すると「お客さんの数は一旦は減るのだけど、それでも来てくれるのは、本当に私のカレーが食べたい人なのだよ」
さらに美味しくなったカレーは評判になりまたまたお客さんが増えてくる。
「そうなったらまた価格を上げたのだよ。そうすることで私も作りたいカレーをどんどん追求出来る様になった」
そしてまたお客さんは一旦減るが、しっかりついてくる濃いお客さんだけが残る。そうなると、お客さんというより、もう、シェフのファンだ。
売上的には客数が減っても単価が上がっているので全体が減ることはない。
長いお店の歴史の中でシェフはこれを2〜3回繰り返されたらしい。
お客さんを絞り込みファンを増やしていく作業だ。
ファンは関東や関西。さらには外国にも。九州に来たら必ず寄る。わざわざこのカレーを食べたいために九州に来るというファンもいたらしい。
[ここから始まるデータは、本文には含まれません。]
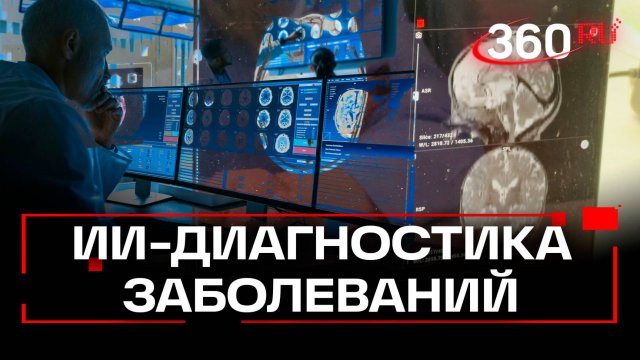 На страже неврологических заболеваний — искусственный интеллект: современная медицина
昨今、人気カレー店には行列が出来る時代。それでも価格を上げずに手間暇かけた美味しいカレーを出されている店もたくさんある。とても素晴らしいしありがたいことだと思う。
しかし本件のカレー店シェフの話を聞いた時、すごく合点が行ったのを覚えている。
シェフは美味しいと思う究極のカレーを追求したい。それには原価がかかるから販売単価も上げなくては実現出来ない。そうするにはどうしたら良いか。それが良い循環で実現出来たケースだと思う。
シェフもやりたいことがやれて幸せに。そしてファンはもちろん幸せに決まってる。というか、さらに予算を上げてもシェフが作る次のステージのカレーを楽しみにしていたのではなかろうか。
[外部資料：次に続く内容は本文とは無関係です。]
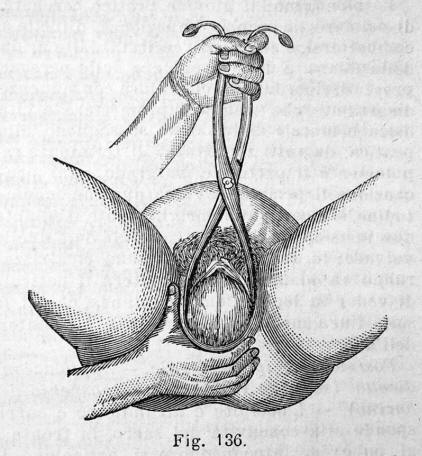 application of forceps 3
カレー店だから珍しいケースだと思うが、寿司店やフレンチ、イタリアンレストランでは当たり前のことかもね。
しかし、インドカリー専門店でそれをされてしっかり最後までファンを惹きつけてお店をやられてというのはとても納得させられたインタビューだった。
お店の経営にもいろんな価値観があって正解もたくさんあると思う。
しかし、客を絞り込むことにより、より濃い関係性のファンと付き合うことはお店も幸せになるというのは、僕にはとても共感できた。
今はもうお目にかかることは出来ないけど、あの時、お話を聞けただけでなく数十年ぶりにシェフのカレーをいただけて嬉しかった。
ありがとうございました。
最後にひとつ、カレーを美味しくするにあたってのこだわりを聞いた。
「ライスの炊き方だよ。カレーの美味しさはライスで決まると思う」って。
まさに。
※「福岡のカレー界のためになるならば」とお話をしていただいたことなので時間は経ちましたが公開させていただきます。しかし、今となってはご本人に文章の内容の精査をしていただくことが出来ませんので、あえて店名は控えさせていただきます。